## Collected data
>>

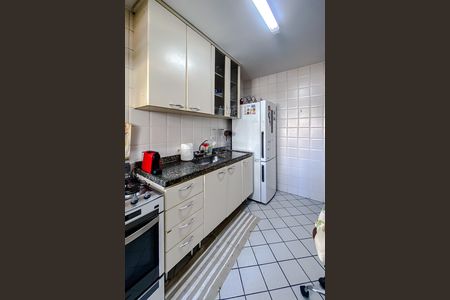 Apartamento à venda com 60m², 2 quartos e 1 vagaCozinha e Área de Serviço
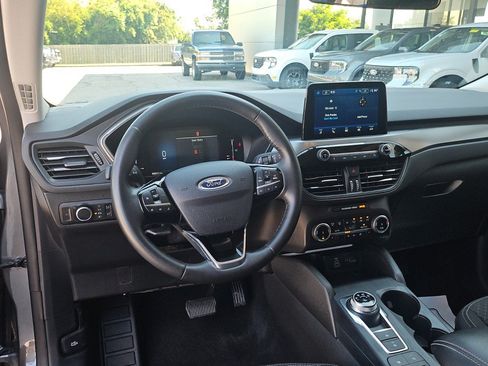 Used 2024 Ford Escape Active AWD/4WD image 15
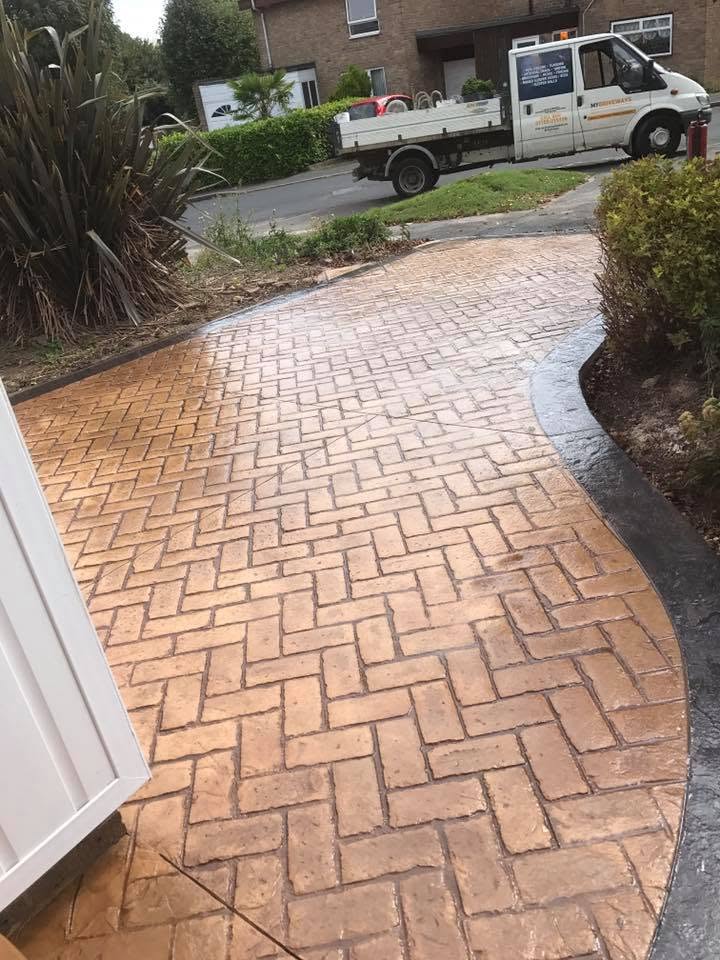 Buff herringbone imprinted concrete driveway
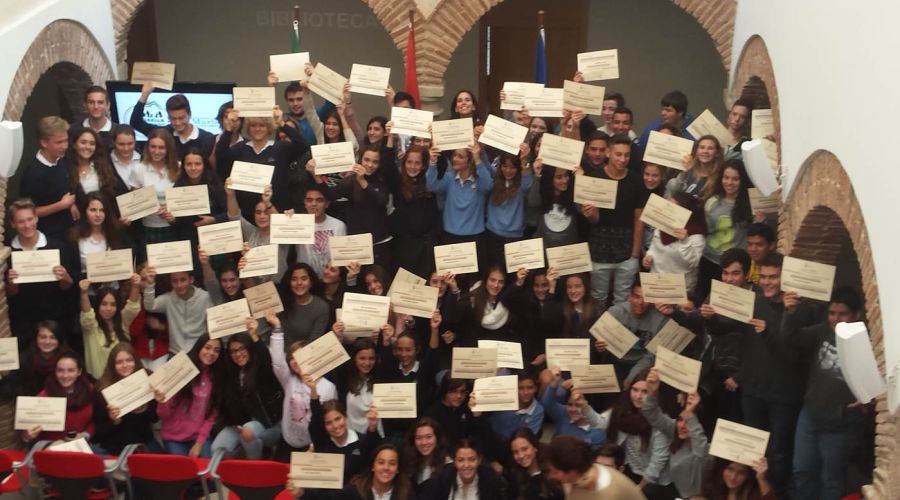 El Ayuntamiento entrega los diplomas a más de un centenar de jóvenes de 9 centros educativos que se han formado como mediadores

<<

## Exercise
The lines from the one containing "Used 2024 Ford" through the final line of the data are to be repeated exactly, with both ends included and all pictures left out.

## Answer
 Used 2024 Ford Escape Active AWD/4WD image 15
 Buff herringbone imprinted concrete driveway
 El Ayuntamiento entrega los diplomas a más de un centenar de jóvenes de 9 centros educativos que se han formado como mediadores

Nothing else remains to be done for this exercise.